The fix the team implemented was methodical. They rebuilt the bastion through Terraform, added it to their monitoring stack with the same alerting thresholds as production services, wrote a runbook that included bastion recovery as step one of any access-related incident, and conducted a broader audit to find other undocumented infrastructure. That audit surfaced a NAT gateway, two security-group rules with no clear owners, and an old Elasticache cluster that had apparently been orphaned but was still running and accumulating cost.

Why It Matters

The streaming platform story is a clean example of a broader infrastructure antipattern: the hierarchy of visibility. Engineering teams instrument what they think of as “the product.” Application servers, databases, queues, caches. These get dashboards, alerts, runbooks, and on-call rotations. Everything supporting that infrastructure, the network plumbing, the access layer, the tooling servers, tends to get treated as furniture. Present, assumed functional, not worth monitoring because it doesn’t serve users directly.

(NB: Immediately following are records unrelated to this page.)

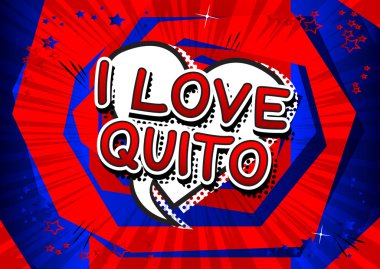 Ben aşk Quito - çizgi roman tarzı metin.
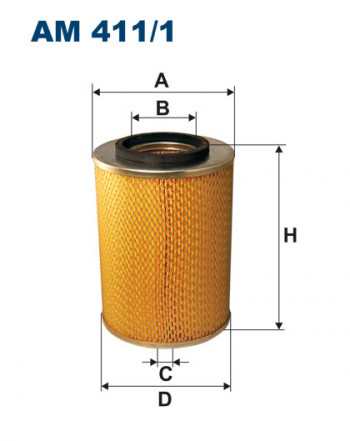Filtr powietrza AM411/1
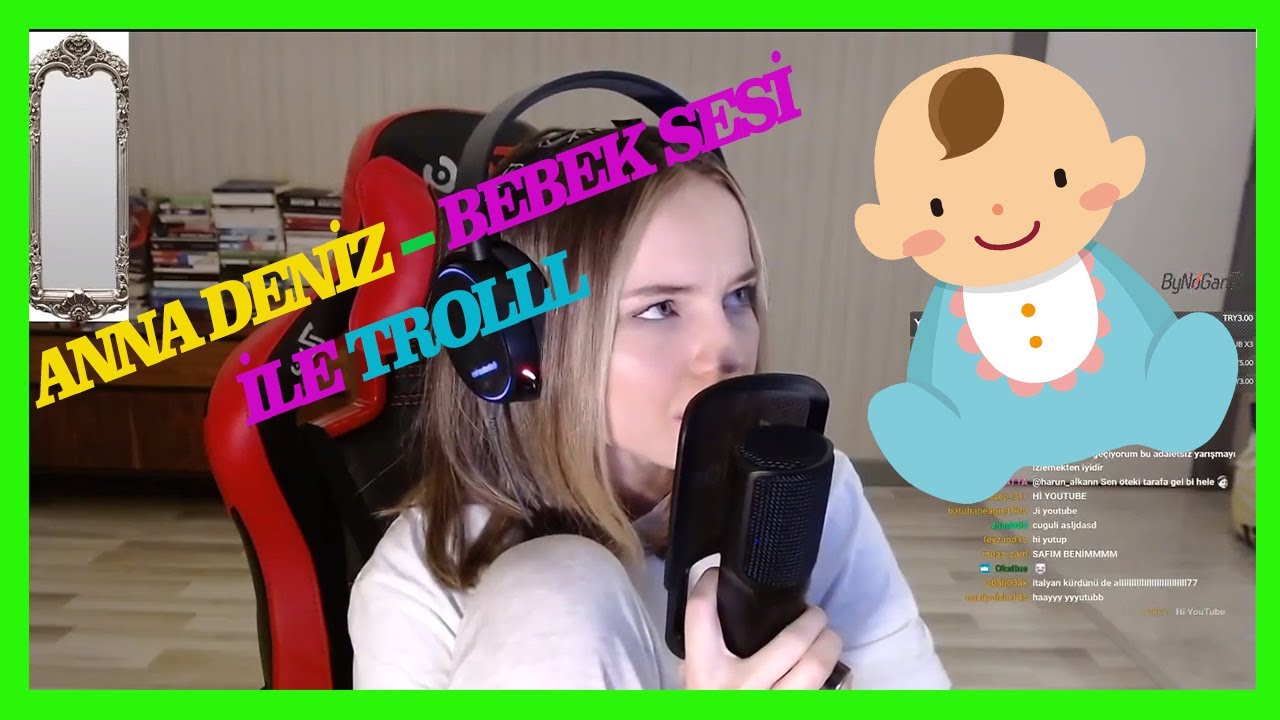 Anna Deniz Bebek Ses takliti ile Troll !! YouTube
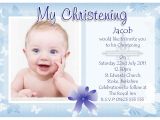 What to Write On A Baptism Invitation Baptism Invitation Baptism Invitations for Boys New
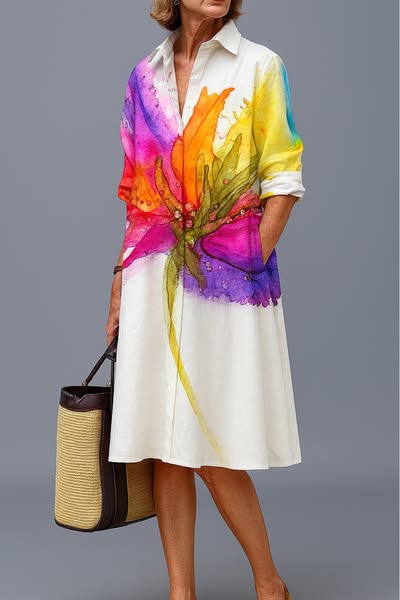 SANDRINE | Women's Elegant Polo Dress — Chic Spring Style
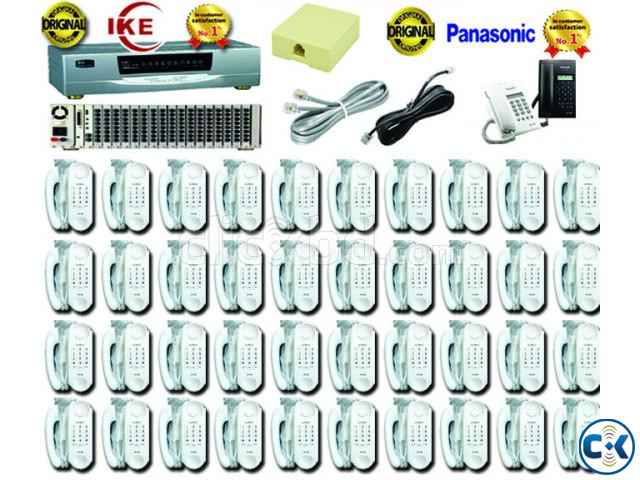 PABX Intercom System 40 Line 40 Telephone Set Full Package large image 0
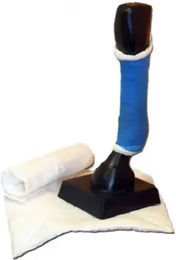 Horse Master Wattepads für Vorderpferde aus Baumwolle 45x35 cm 20er Pack Weiß – Bild 1 von 1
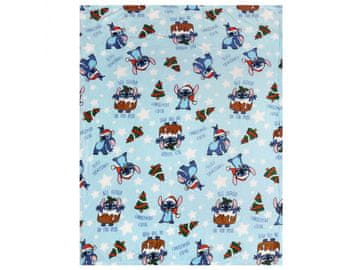 Disney DISNEY Stitch Moder odeja/pregrinjalo, božična odeja 120x150 cm OEKO-TEX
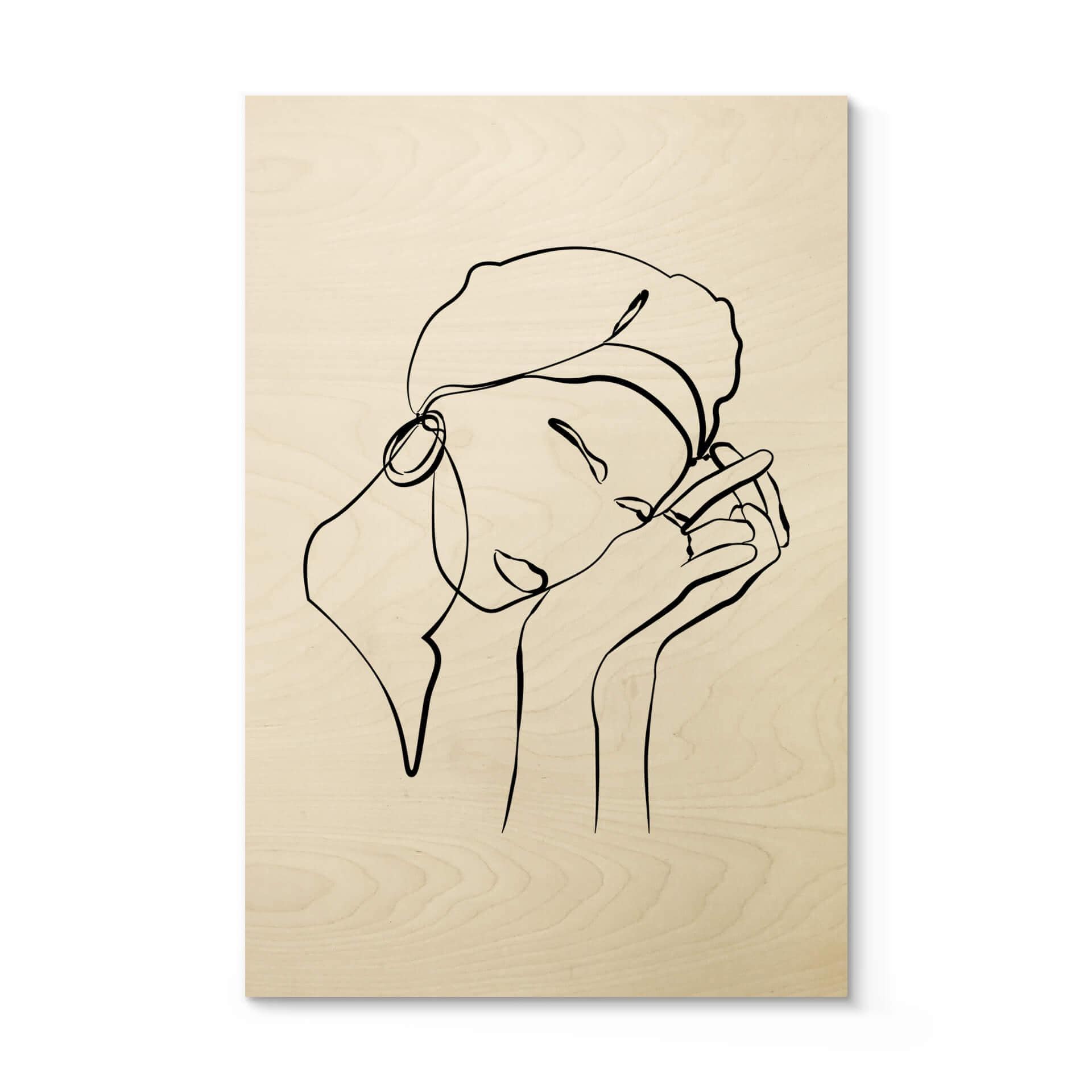 Billede af træ NKTN - Line Art - Don't Worry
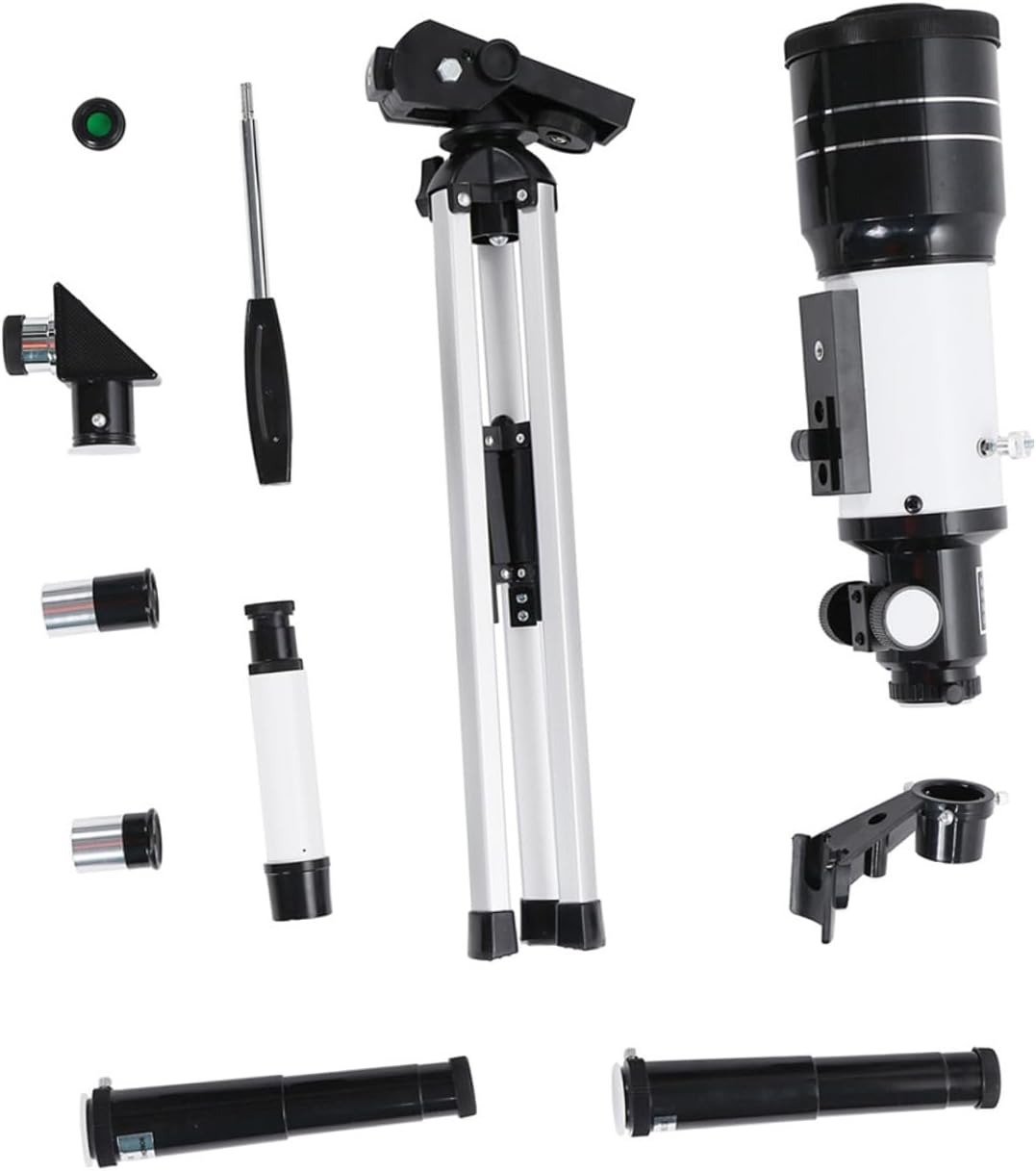 Toddmomy Zoom Refracting Astronomical Telescope with Angle Fully Coated Optics Tripod and Phone Holder for Adults and Beginner Astronomy Enthusiasts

This is backwards. The correct frame is dependency, not visibility. A bastion host that 300 engineers use to access production is more critical in a failure scenario than most application servers, precisely because you need it to fix anything else. The same logic applies to VPN servers, internal DNS resolvers, certificate authorities, secrets management services (Vault, AWS Secrets Manager), and deployment pipelines. None of these serve users directly. All of them are catastrophically important when they fail.

There’s a useful parallel in how we think about latency and throughput as distinct problems. We tend to optimize and monitor for the thing we can measure easily: throughput, because it shows up in dashboards. Latency in the access layer, meaning the time it takes to even begin responding to an incident, doesn’t show up anywhere until an outage makes it visible. The bastion problem is the access-latency problem. When access infrastructure fails, your incident response time goes to infinity.

What We Can Learn

The practical lessons here are not complicated, but they require some organizational discipline to apply.

First, build your infrastructure inventory from dependency chains, not service maps. A service map shows you what talks to what during normal operation. A dependency chain shows you what you need to touch anything during abnormal operation. Those are different graphs, and most teams only maintain the first one.

Second, apply monitoring symmetrically. If a server’s failure would require engineer attention, it should have monitoring. The threshold shouldn’t be “does this serve user traffic” but “would this failing make anything harder to fix.” A bastion, a deployment server, an internal DNS resolver, all of these clear that bar easily.

Third, treat undocumented infrastructure as a risk that accrues interest. The streaming platform’s bastion was low-risk in year one, when the contractor who built it was still reachable. By year two, it was moderate risk. By the time the incident happened, the knowledge of how it was configured existed in one person’s partial memory. Every month of operating undocumented infrastructure is a month of compounding institutional-knowledge debt.

Fourth, runbooks should cover access failure explicitly. “We cannot reach production” is a scenario. It should have a documented path to resolution that does not depend on any single person’s memory of the network topology.

The streaming platform got lucky in one sense: the failure happened on a Tuesday afternoon with the full team available. The same failure at 2 AM on a holiday weekend, with a junior on-call engineer who had never heard of the bastion host, could easily have been a 12-hour outage. The gap between those two outcomes isn’t technical. It’s organizational.

The server that does nothing is always doing something. Usually, it’s quietly holding the rest of the rack together. The teams that figure this out before an incident are the ones with boring post-mortems.